# somebody for a roadtrip???!!!



## florette7 (Nov 30, 2009)

HI, I`m Flore, I`m 21 and I`ve arrived in Australia last week. Tomorrow, I will go to ACT for woofing and after, I would very very very like buy a campervan with people, who are motivated to travel around the Australia during about 7-8 months, to work in fruit picking to finance all that and why not to make woofing. I would like leave from Canberra or Melbourne and go to the west and then the north to finish in the Queensland, the Goald Coat, but I`m ok for all your ideas. That would be so cool to find trip`s companion for a great experience, to drive where we want, to stop and stay everywhere...

Sorry for my very bad english, I hope you will understand me! This trip will be the chance to improve my english.
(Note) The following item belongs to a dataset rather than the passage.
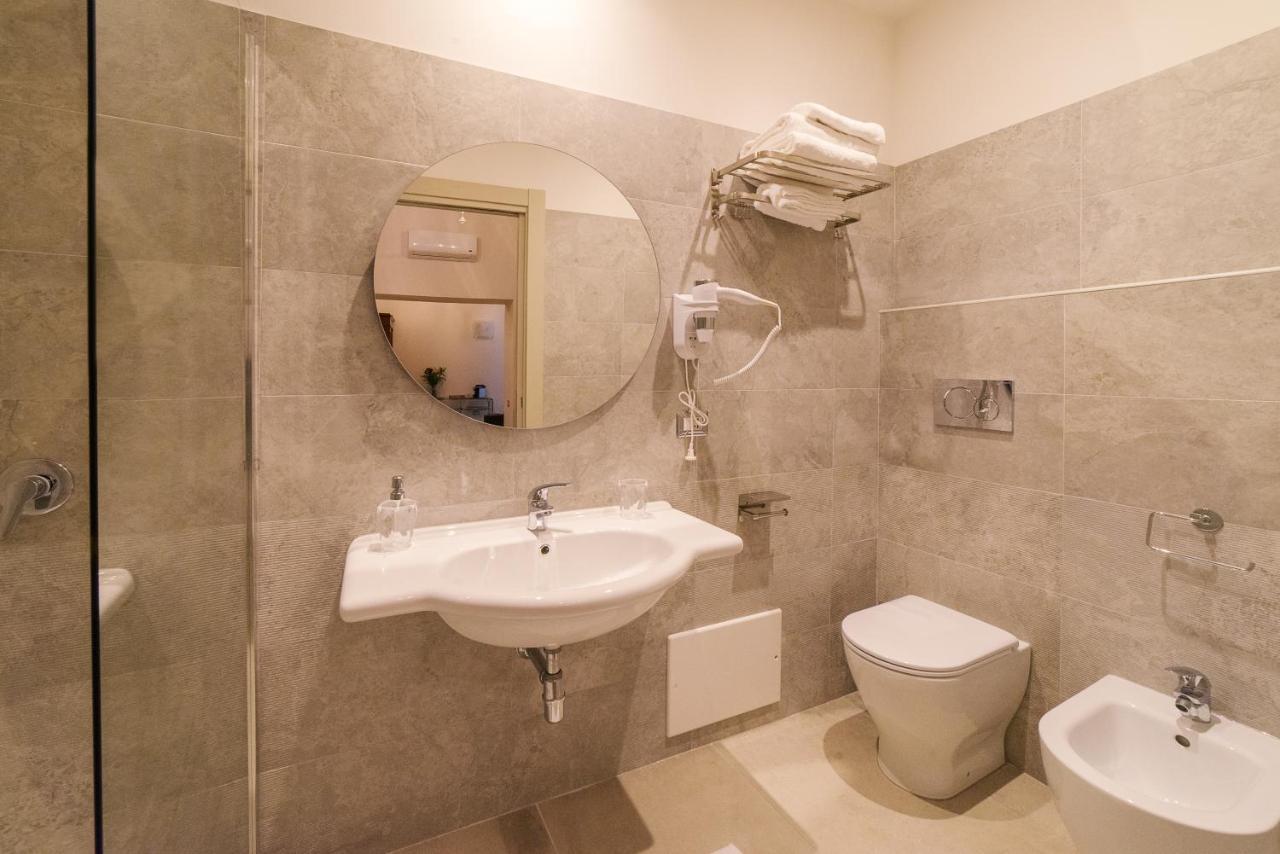 Waterfront Suites Cagliari Kültér fotó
Bye and I hope have your news!


----------



## dexternicholson (Oct 23, 2009)

Why don't you just take some friends and families along with you? or at least a friend of a friend. I mean, aren't you scared to be traveling with someone or people that you don't know? although I am for making new friends in travel and stuffs, I don't think I can travel on the road with someone I just met from the internet, considering the flexibility of information on the web...


----------



## Wanderer (Jun 16, 2007)

Hi Flore,
Welcome to the forum and to Australia, your English already pretty good.
You'll find Australians speak english rather fast and do not hesitate to say please!, a little slowly for it is easy to not to be aware and we do pronounce our vowells very differently.
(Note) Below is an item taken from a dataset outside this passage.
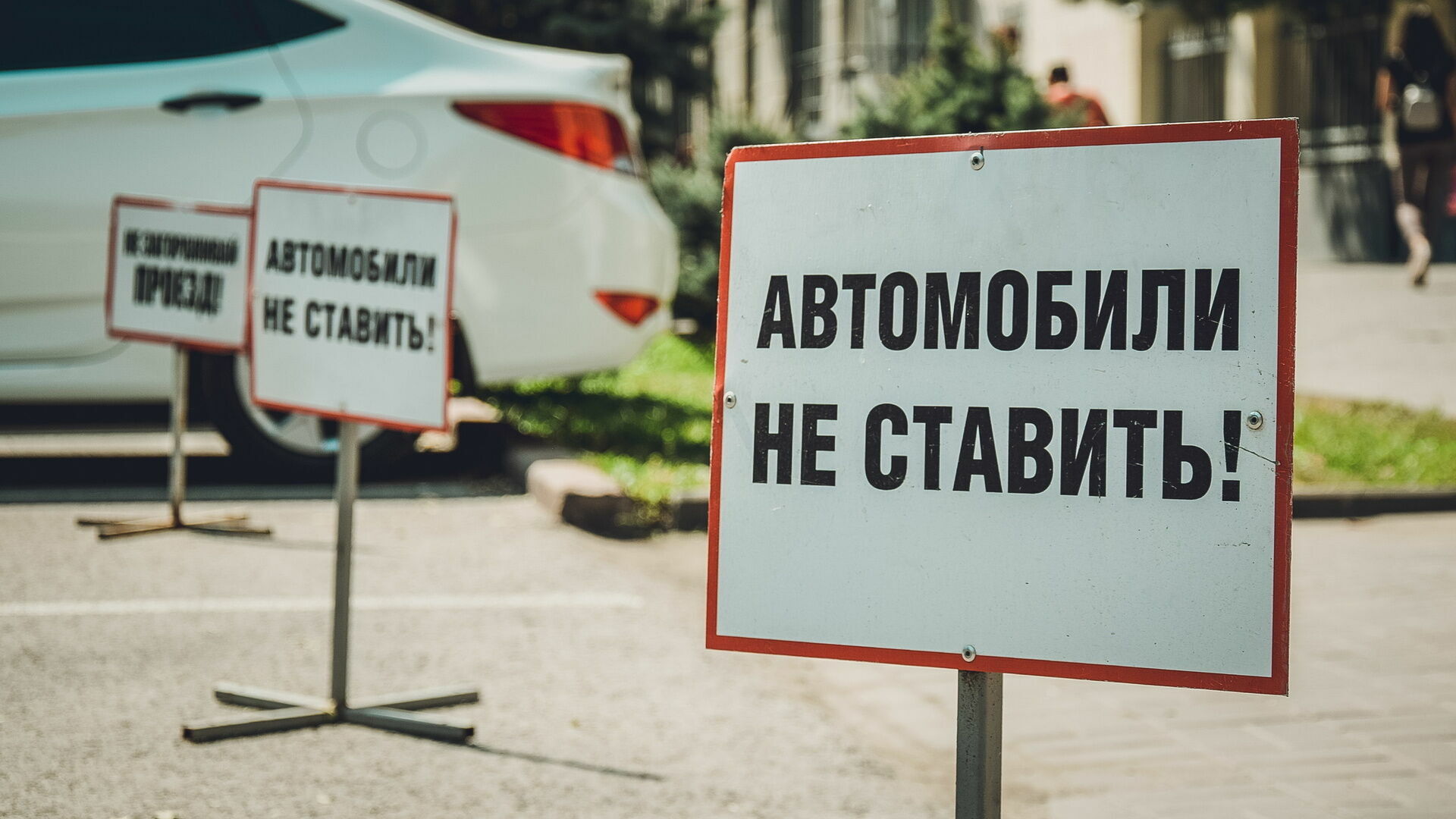 В Ленинском и Свердловском районах Перми прошли рейды по незаконным парковкам на газонах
I'm sure you'll have a great time and despite what Dexter says you can travel arounnd Australia with little to fear though always better with travelling buddies that you're looking for.

[* Dexter,* this is what young travellers are doing all the time despite Ivan Milats and Wolf Creeks and sure bad things can happen to good travellers in all manner of ways, some a lot more horrendous in this day and age with terrorists and piracy etc. but people still do travel - if you have cottoned on to it, Flore has arrived from overseas and that'll be where family and friends are.]

*So back to you Flore*,
And in addition to posting on various forums, make sure after the ACT if it is Sydney or Melbourne you head to, to take some time to check out a few of the hostels about as there'll often be people putting up notices re travel plans or just for a single trip from one city to somewhere else and whether or not you buy a campervan, you may be able to join people and if not straight away, eventually find someone with a similar plan.
There're a lot of hostels near the Sydney Central RS and have a look in BUG - the Backpackers' Ultimate guide to budget travel in Australia and with maps [free ones in the hostels] you can easily mark where ones for Sydney, Melbourne and other cities are.

This time of year is a good time for getting farm work in the south east of Australia, from Sydney to Adelaide and do not forget Tasmania, and of course the wwoofing can be done as well for qualifying for the second WHV if that is what you want to do [I'm assuming you're on a WHV]
Have a look at Harvest Trail - Harvest jobs - Australian JobSearch re best places to be and when re getting work.
Heading west and then north by about May would see you missing the worst of the heat [and possibly cyclones] up north and in Broome, you may even be able to get work there in Pearling, the season starting about May.

There's a lot of links to information in some of the other threads and if you have got yourself a drivers licence/an International Drivers Permit if it is not in English then as an alternative to buying a campervan straight off, perhaps you could look at doing some relocations for very cheap travel.
Rental Relocations Australia New Zealand United States Canada - Hire Now at StandByCars - you'll need to check their drivers licensing requirements.

There is also a little bit to understand about buying a vehicle in Australia for we have our vehicles registered by the the different states and there are some slightly different conditions involved in registration which can mean some difficulties if not well considered.

I'll locate another thread where it has previously been mentioned rather than retype it all.


----------